### [Exercise prompt]
Gather all lines with "Leather" from the records.

### [Caption-style text data]
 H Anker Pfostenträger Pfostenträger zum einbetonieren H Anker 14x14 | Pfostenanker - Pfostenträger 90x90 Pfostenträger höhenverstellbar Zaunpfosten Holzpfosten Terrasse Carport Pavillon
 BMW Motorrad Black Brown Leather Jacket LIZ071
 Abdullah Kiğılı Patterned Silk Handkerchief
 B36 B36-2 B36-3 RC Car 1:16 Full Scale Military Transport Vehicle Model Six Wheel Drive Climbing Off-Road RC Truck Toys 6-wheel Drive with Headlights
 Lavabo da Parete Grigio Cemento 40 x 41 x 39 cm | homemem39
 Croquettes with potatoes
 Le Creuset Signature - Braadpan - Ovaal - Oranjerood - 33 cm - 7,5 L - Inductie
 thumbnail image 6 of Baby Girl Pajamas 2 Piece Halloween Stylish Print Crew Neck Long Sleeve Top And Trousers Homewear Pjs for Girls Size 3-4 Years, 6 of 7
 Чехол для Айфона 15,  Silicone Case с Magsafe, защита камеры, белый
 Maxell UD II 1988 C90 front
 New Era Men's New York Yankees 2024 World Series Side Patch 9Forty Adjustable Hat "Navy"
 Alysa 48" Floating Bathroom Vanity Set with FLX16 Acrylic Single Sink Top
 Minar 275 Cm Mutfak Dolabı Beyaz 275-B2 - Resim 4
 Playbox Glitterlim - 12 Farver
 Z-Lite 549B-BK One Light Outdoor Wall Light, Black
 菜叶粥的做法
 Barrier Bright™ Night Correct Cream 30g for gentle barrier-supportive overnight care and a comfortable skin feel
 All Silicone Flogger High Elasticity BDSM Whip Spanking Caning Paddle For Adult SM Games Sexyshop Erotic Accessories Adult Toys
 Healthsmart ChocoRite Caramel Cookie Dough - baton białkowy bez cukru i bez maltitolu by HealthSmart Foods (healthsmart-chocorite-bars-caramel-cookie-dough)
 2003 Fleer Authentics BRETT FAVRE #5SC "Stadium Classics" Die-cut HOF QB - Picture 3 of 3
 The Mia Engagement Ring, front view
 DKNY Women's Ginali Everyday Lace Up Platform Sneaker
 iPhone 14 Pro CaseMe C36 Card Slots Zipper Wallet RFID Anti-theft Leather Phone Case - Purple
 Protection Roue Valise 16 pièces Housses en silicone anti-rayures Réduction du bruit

### [Solution to the exercise]
 BMW Motorrad Black Brown Leather Jacket LIZ071
 iPhone 14 Pro CaseMe C36 Card Slots Zipper Wallet RFID Anti-theft Leather Phone Case - Purple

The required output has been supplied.